Secure Email (Is there such a thing?)0
Cryptography or the practice of hiding information is not a modern concept. Throughout history people have built complex systems to conceal messages so only the intended party was able to reveal what was hidden and understand the message. This practice takes on even more importance in time of conflict. In fact, history shows us that when information is compromised, entire wars can be won or lost (depending on which side of the compromise you sit). Just ask the Germans after the enigma cipher was broken giving allied forces the ability to decrypt critical battle communications gaining a tactical advantage.
But what does this have to do with information security? Well, everything.
In today’s competitive business environment, the ability to safeguard information is critical to a business’ ability to succeed. As more of our communication goes online, securing information transfers are not only important, they are mission critical. In a previous post on information breaches, I quoted Avivah Litan of Gartner talking about a layered approach to security. The main point was to identify that usernames and passwords are simply not strong enough to protect the data that is being stored on corporate networks today.
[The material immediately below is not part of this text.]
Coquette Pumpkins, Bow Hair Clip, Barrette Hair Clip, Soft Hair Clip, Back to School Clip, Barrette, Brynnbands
But to take this thought one step further, what security is in place to protect data that is being transmitted – primarily through email?
If you are like me, you probably get hundreds of emails throughout the course of a business week. Many of these emails are either spam or not critical to the future of the business (i.e. disclosing “where you are going for lunch?” will not typically hurt your company’s future). But there are emails sent that carry sensitive information and need to be secure. While we know this is true, very little additional security is done to protect this sensitive information as it is being transmitted over the internet leaving it vulnerable to being intercepted for information theft or corporate espionage. One approach is to disconnect yourself from the wired world putting all sensitive information onto unsecure USB sticks (topic for another blog). But this disconnected version of security has no place in the information-intensive business environment.
What is needed is a secure way to transmit sensitive information from one party to another, being assured that only authorized recipients are able to view the contents of the email. Microsoft has made significant strides in embedding security functionality into its Server 2008 and Forefront Identity Manager products which include the use of .NET smart cards enabling the ability to encrypt email with the click of a box in an Outlook message. Upon pressing send, the user is prompted for their PIN which, paired with the certificate on the smart card, enable encryption (similar to an ATM except the security is actually built into the identity card.
For the recipient, they would also need a .NET smart card (typically used both for corporate identity and logical access). Once the encrypted email is received, the recipient would be prompted to insert their identity card and enter a PIN – Voilà – the email is decrypted and ready to be read by the intended recipient. This process secures the information as it is being transmitted, with each party holding their own set of keys to unlock the message. If you don’t have the right keys, you will not be able to open the encrypted email. Translation: your message is only seen by those you trust with the information.
No technology is perfect, but implementing more secure communication for your most critical information assets is not an optional security step anymore. But what was once a daunting task has become more integrated into the products you already have deployed within your infrastructure. Adding strong authentication to your corporate infrastructure will make sure only the right people have access to the right resources internally AND give you the ability to enable email encryption.
This is the kind of real world protection you need for executive communications and for anyone who needs to email sensitive company information.